Das Ergebnis dieser Entwicklung ist, dass das Geschehen auf dem Immobilienmarkt und bei den Immobilienfonds zunehmend voneinander abhängig ist. Dazu entfallen 80 Prozent, beziehungsweise 835 Milliarden Euro des Nettoinventarwerts aller Immobilienfonds, auf offene Produkte, also auf solche, die ihren Anlegern häufig Anteilsrücknahmen anbieten. Das Risiko in den Augen der Verantwortlichen der EZB: Würden zu viele Anleger in kurzer Zeit Geld abziehen, ist die Finanzstabilität gefährdet.

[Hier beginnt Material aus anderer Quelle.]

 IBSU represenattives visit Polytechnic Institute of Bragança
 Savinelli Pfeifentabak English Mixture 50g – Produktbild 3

Das könne die Fonds aus Liquiditätsdruck anfällig machen für Notverkäufe zu niedrigen Preisen, was den Druck auf den Immobilienmarkt weiter erhöhen könnte. Eine Instabilität in diesem Bereich „könnte daher systemische Auswirkungen“ auf gewerbliche Immobilien haben, „was wiederum die Stabilität des Finanzsystems im weiteren Sinne“ und die Realwirtschaft beeinträchtigen könnte, so die Verantwortlichen der EZB.
EZB will neue Regeln zur Absicherung einführen
Angesiedelt sind solche Fonds hauptsächlich in Deutschland, Luxemburg, Frankreich, den Niederlanden und Italien. Von diesen Ländern weisen die Produkte hierzulande demnach den höchsten Cash-Puffer auf. Die Ökonomen verweisen explizit auf den Blackstone Real Estate Income Trust (Breit), der Ende 2022 die Anteilsrücknahme begrenzen musste und auf andere Probleme in Großbritannien.

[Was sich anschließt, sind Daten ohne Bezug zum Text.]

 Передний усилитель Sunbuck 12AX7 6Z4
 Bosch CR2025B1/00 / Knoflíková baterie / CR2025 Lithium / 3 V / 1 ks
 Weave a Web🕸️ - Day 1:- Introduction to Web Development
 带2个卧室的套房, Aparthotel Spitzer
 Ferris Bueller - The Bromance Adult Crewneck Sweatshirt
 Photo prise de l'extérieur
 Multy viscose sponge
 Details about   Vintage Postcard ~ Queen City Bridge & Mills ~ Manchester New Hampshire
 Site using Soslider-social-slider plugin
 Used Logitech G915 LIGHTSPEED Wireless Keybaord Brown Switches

Die EZB-Verantwortlichen sehen die Gefahr, dass die Probleme auf dem Gewerbeimmobilienmarkt zu Abflüssen in Europa führen könnten. Daher sollten Regeln entwickelt werden, die den Fondsmanagern dabei helfen, „Spitzen in der Liquiditätsnachfrage besser zu bewältigen und die Kosten für Rücknahmen zu internalisieren, die während eines Marktstresses entstehen können“ so die EZB-Experten, die mit der Befürchtung nicht allein sind. Die Rating-Agentur Scope warnte bereits, dass ein Drittel der verbrieften Gewerbeimmobilienkredite in Europa, die 2023 oder 2024 auslaufen, Refinanzierungsrisiken bekommen könnten.

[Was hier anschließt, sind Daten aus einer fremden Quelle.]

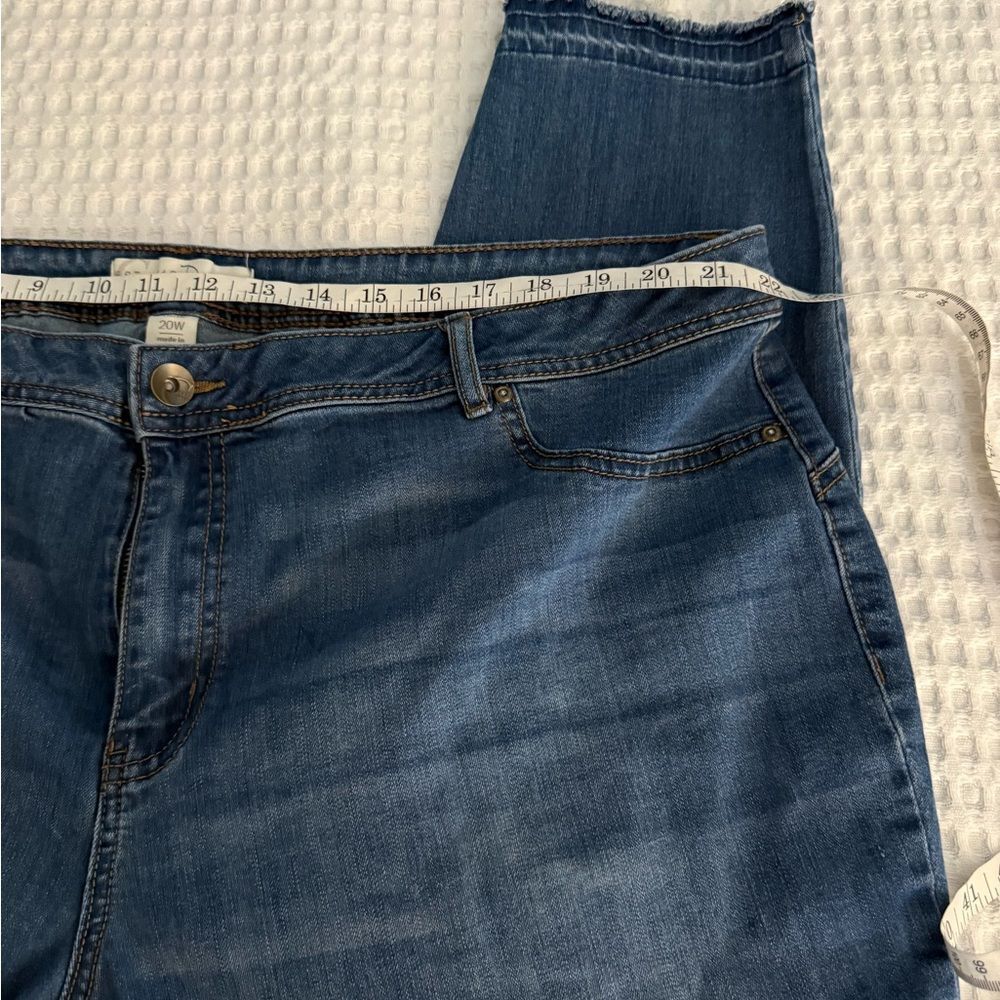 C EST. 1946 Denim Classic Blue Skinny Jeans for Women - Picture 4 of 6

Dazu passt: Unlängst hatte das Immobilien-Branchenportal „Thomas Daily“ berichtet, Samsung Asset Management und Patrizia seien in Gesprächen mit Kreditgebern, um die 675 Millionen Euro teure Commerzbank-Zentrale, das mit 259 Metern höchste Hochhaus in der Europäischen Union, zu refinanzieren. Der koreanische Investor, der das Gebäude 2016 gekauft hat, und sein deutscher Vermögensverwalter suchten demnach entweder einen Überbrückungskredit oder ein langfristiges Darlehen, nachdem es ihnen nicht gelungen sei, das Gebäude zu verkaufen. Der im vergangenen Herbst eingeleitete Verkaufsprozess sei abgebrochen worden. Die bestehende Fremdfinanzierung ist noch 2023 fällig.